The use of default values can be a useful way to guarantee that your class is used the way you intended. However, without adequate protections in place, parameter requirements can be ignored. To get around this constraint, many of you opted to pass in empty strings rather than an actual server address in assignment 2. For the most part, this workaround was largely acceptable because you also had the ability to assign the required parameter to the attribute reference. But what if upon instantiation, the Profile class called code that either validated the parameter value or attempted to use it for it’s intended purpose? Without error handling, the program would crash whenever the class was instanced. So it’s important to take these types of use cases and outcomes into consideration when writing a class. Given the way the dsuserver variable is used by the Profile class, do you think it should be assigned a default value rather than be a required parameter?

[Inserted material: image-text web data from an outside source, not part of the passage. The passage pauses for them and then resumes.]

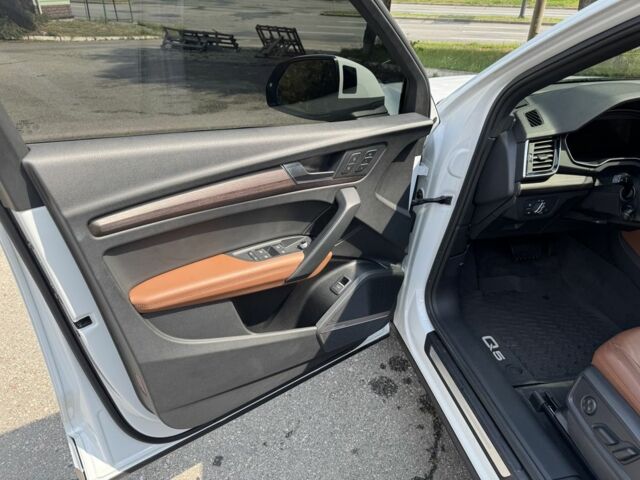 Белый Ауди Ку 5, объемом двигателя 2 л и пробегом 51 тыс. км за 37500 $, фото 17 на Automoto.ua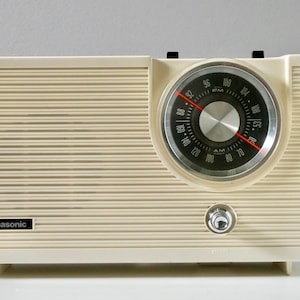 Vintage 1965 Panasonic AM/FM Radio | Exceptional Condition | Timeless Design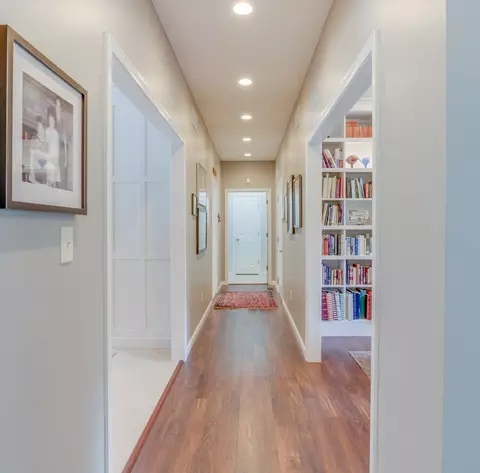 Entry Way - 3550 Bishop Rd, Mount Vernon, IL 62864 photo 4 of 8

The last aspect of classes that we will discuss for this lecture is the role of methods in class objects. Again, we’ll return to the Profile class as our reference point:

def get_posts(self) -> list:
	return self._posts

def add_post(self, post: Post) -> None:
	self._posts.append(post)

The get_posts and add_post methods in the example above are taken directly from the Profile class. At first glance, you’ll notice that they look identical to the functions that you have been writing throughout this course. Like a function, the method is defined using the def keyword, accepts parameters, and supports the optional specification of a return type. However, notice that even if when we don’t intend to use a parameter, as is the case with get_posts, the self parameter is specified. The purpose of a class method is to act upon the class instance in some way, therefore a method must have a way to access the attributes of its class. As with the class constructor, all method signatures (The signature of a method refers to the combination of name, parameters, and return type.) in a class must be assigned the self parameter.